Ted: So where are these agents located, in the local extension service?

Tiffany: They’re kind of all over. So we have agents on our team. You know, we’d like to think we have the dairy expertise piece of it that’s been quite important. So when we first got involved, we found a lot of crop insurance agents are, you know, tremendous at what they do, have long histories in insuring row crops and so forth, but maybe not as much dairy expertise. As you know, our markets are unique and so we got involved, we talked to a lot of dairy producers and can really help them kind of on the dairy piece of it understanding exactly how their milk prices are determined and help them put that strategy together. So there’s agents everywhere, no doubt some with more dairy expertise, some with none.

Phil: The program is insurance is a heavily regulated industry. And so, you know, you have to be chartered in different states. Actually, Tiffany, if it all goes south, Tiffany and Katie are eligible to sell property and casualty insurance as well, because to become a licensed crop insurance agent, you have to go get an insurance license. And so while it’s open to all it is a process to be able to become a licensed crop insurance agent.

T3: So Phil, we’re not dairy farmers. So there’s certain parts of the agriculture industry we’re not familiar with. Crop insurance is pretty common for those farmers who are growing corn and grain and things like that.

Phil: I can’t cite the specific history of, “Oh, it started in 19-whatever.” But for many, many years USDA through the risk management agency has partnered with insurance carriers to offer subsidized insurance and some of that insurance is revenue insurance for grains. Some of it is disaster insurance for grains. So this year, we saw a lot of…there was something called Prevent Plant Insurance, for example. So if for some reason you can’t get your crop in the ground, there’s insurance that you can buy from crop insurance agents that will compensate you for your lost planting. And so we saw a lot of those policies actually used I mean, cashed in, if you will, this year, so.

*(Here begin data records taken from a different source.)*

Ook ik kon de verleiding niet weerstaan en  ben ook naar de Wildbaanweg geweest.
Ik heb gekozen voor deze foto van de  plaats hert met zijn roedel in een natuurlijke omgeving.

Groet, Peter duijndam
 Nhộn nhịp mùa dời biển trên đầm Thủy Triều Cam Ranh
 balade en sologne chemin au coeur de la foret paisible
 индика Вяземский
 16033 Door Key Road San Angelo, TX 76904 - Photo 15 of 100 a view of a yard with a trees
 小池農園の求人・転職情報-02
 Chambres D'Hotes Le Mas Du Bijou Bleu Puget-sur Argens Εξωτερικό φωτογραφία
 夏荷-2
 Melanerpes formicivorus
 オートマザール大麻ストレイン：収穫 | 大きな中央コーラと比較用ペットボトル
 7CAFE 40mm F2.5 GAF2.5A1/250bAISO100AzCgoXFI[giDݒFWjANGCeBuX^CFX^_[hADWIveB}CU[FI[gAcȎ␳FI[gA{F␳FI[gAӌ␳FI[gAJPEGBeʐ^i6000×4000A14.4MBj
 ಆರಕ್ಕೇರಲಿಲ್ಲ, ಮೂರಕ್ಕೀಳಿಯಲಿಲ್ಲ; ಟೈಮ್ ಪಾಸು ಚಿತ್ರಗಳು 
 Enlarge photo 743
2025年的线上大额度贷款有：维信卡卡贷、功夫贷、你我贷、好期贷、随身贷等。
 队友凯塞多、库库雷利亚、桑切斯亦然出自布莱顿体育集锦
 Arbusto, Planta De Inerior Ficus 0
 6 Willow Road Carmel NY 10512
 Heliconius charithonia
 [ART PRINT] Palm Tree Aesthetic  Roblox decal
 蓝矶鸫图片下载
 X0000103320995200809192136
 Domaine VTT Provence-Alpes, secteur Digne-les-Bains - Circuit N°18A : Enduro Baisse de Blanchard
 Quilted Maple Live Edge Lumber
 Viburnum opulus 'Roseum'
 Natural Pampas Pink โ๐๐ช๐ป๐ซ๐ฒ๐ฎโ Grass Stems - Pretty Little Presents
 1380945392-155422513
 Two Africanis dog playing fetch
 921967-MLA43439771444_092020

And there’s stuff on grapes, there’s all kinds of different crop insurance products out there. Tiffany and Katie, I forget how many licensed carriers, there are about eight or ten big insurance companies that have crop insurance practices. And through a lot of rules, regulations through USDA, RMA, but subsidies on premiums, it’s sort of a public-private partnership in terms of crop insurance generally. So dairy was tacked on, if you will, to the crop insurance universe. And the program was largely dreamed up by Marin Bozic at the University of Minnesota and John Newton who works for Farm Bureau Federation. I think it came out of their thinking and became part of the USDA, RMA program, or package.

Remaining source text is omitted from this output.